Après les révélations des deux journalistes français mis en examen pour tentative d’extorsion et chantage, c’est au tout des autorités marocaines de se faire entendre en dévoilant une partie des procès-verbaux et des premières comparutions. Maroc maintient qu’il y a eu chantage.
Qui a proposé l’abandon d’un projet de livre sur le régime marocain contre de l’argent ? Le Maroc se dit victime de chantage, les deux journalistes inculpés reconnaissent "un accès de faiblesse" mais contre-attaquent : selon eux, Rabat était l’initiateur de la transaction. Chaque partie a sa propre version. Récemment, une source proche du palais royal a livré au Monde Afrique la version défendue par la partie marocaine sur les rendez-vous entre Eric Laurent et l’avocat de Mounir Majidi, le secrétaire personnel du roi Mohammed VI du Maroc.
Cette source a eu accès aux procès-verbaux des gardes à vue et des premières comparutions. Elle a notamment révélé les transcriptions de l’enregistrement, auxquelles Le Monde a eu accès. L’enregistrement réalisé par l’avocat marocain qui rencontre Eric Laurent "est de mauvaise qualité" et de "nombreux passages sont inaudibles, notamment les propos du journaliste", ont noté les policiers dans leur retranscription, selon la source.

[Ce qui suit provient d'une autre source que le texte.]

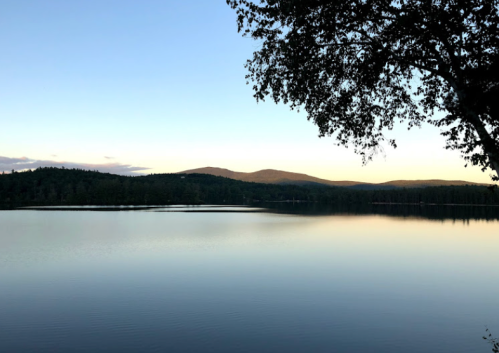 A serene lake at sunset, surrounded by mountains and trees, reflecting the calm sky and water.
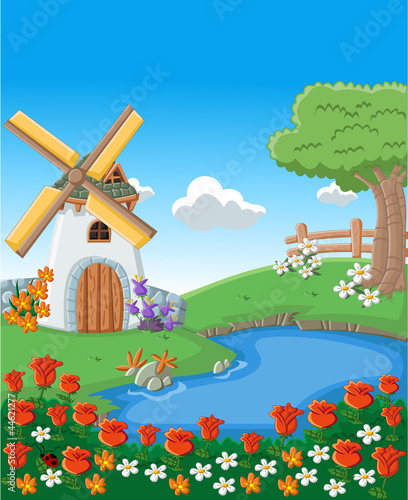 Green garden with beautiful spring flowers, lake and windmill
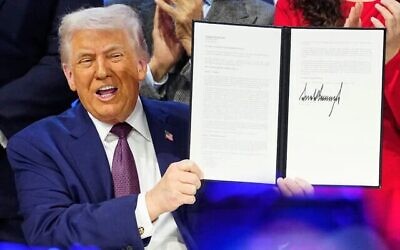 الرئيس الأمريكي دونالد ترامب يحمل الميثاق خلال حفل التوقيع على مبادرته الخاصة بمجلس السلام في الاجتماع السنوي للمنتدى الاقتصادي العالمي في دافوس بسويسرا، 22 يناير 2026. (AP Photo/Markus Schreiber)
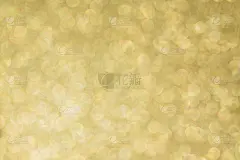抽象散焦背景纹理与金色闪闪发光。节日模糊背景贺卡等设计
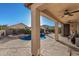 Covered patio overlooks a sparkling pool and spa, perfect for relaxing and entertaining outdoors at 17793 W Corrine Dr, Surprise, AZ 85388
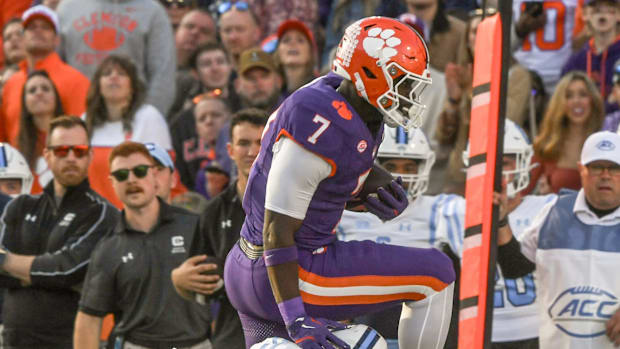 Clemson Tigers running back Phil Mafah leaps over The Citadel Bulldogs defensive back Cale Williams.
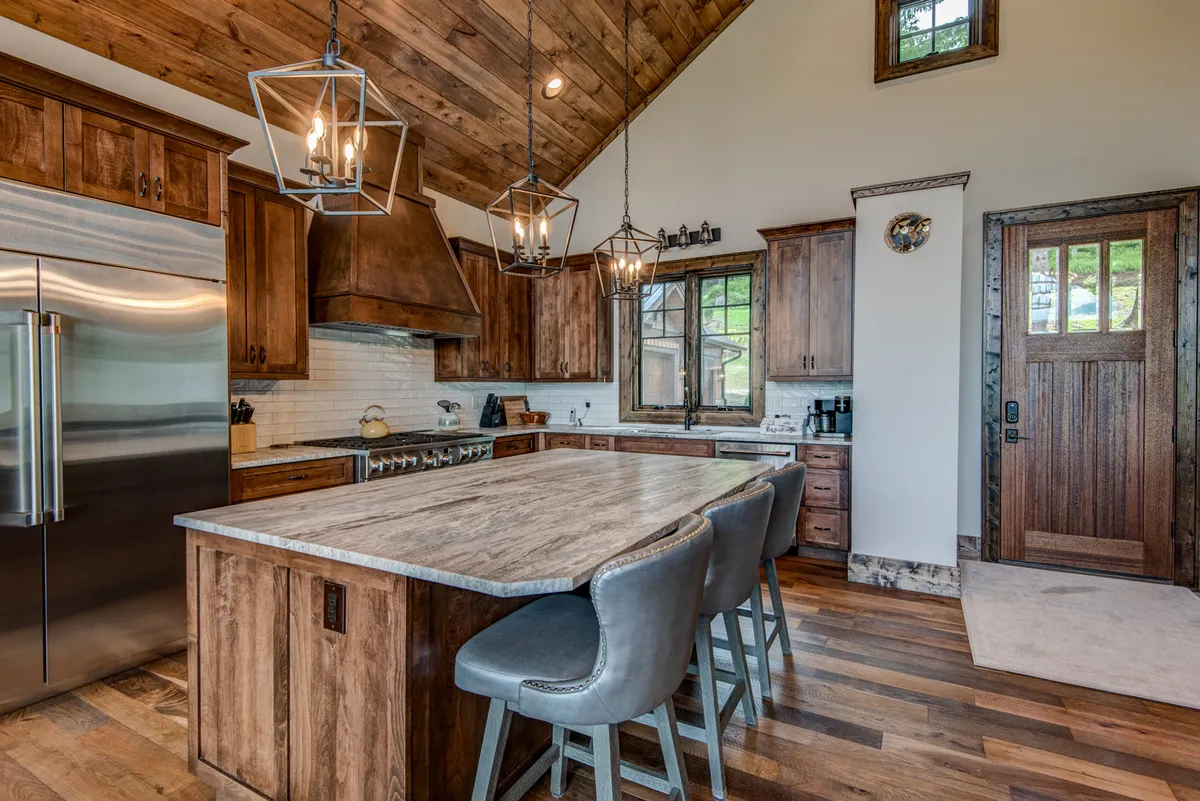 A modern, fully equipped kitchen featuring a large island, stainless steel appliances, wooden cabinetry, and hanging light fixtures. The layout is open and inviting, perfect for cooking and entertaining guests while staying connected to the living and dining spaces.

Ce qui ne fait pas de doute, c’est que le journaliste n’a jamais refusé cette "solution", tandis que son interlocuteur Me Hicham Naciri, ne condamne pas le procédé. Lors du rendez-vous, au bar de l’hôtel Monceau, l’ambiance est d’ailleurs détendue. La discussion s’engage sur le Japon, d’où revient l’émissaire marocain. Puis le livre est abordé. Selon la version marocaine, c’est Eric Laurent qui est passé à l’attaque en premier. Bien que sa phrase soit inaudible, il aurait explicitement proposé une "solution" pour éviter au Maroc un scandale. Selon Me Hicham Naciri, Eric Laurent aurait déclaré : "Avec ma collègue Catherine Graciet, nous avons signé pour la publication au Seuil d’un Roi prédateur n° 2. (…) Nos informations sont explosives. (…) La monarchie ne peut pas se permettre le scandale que causerait un tel livre".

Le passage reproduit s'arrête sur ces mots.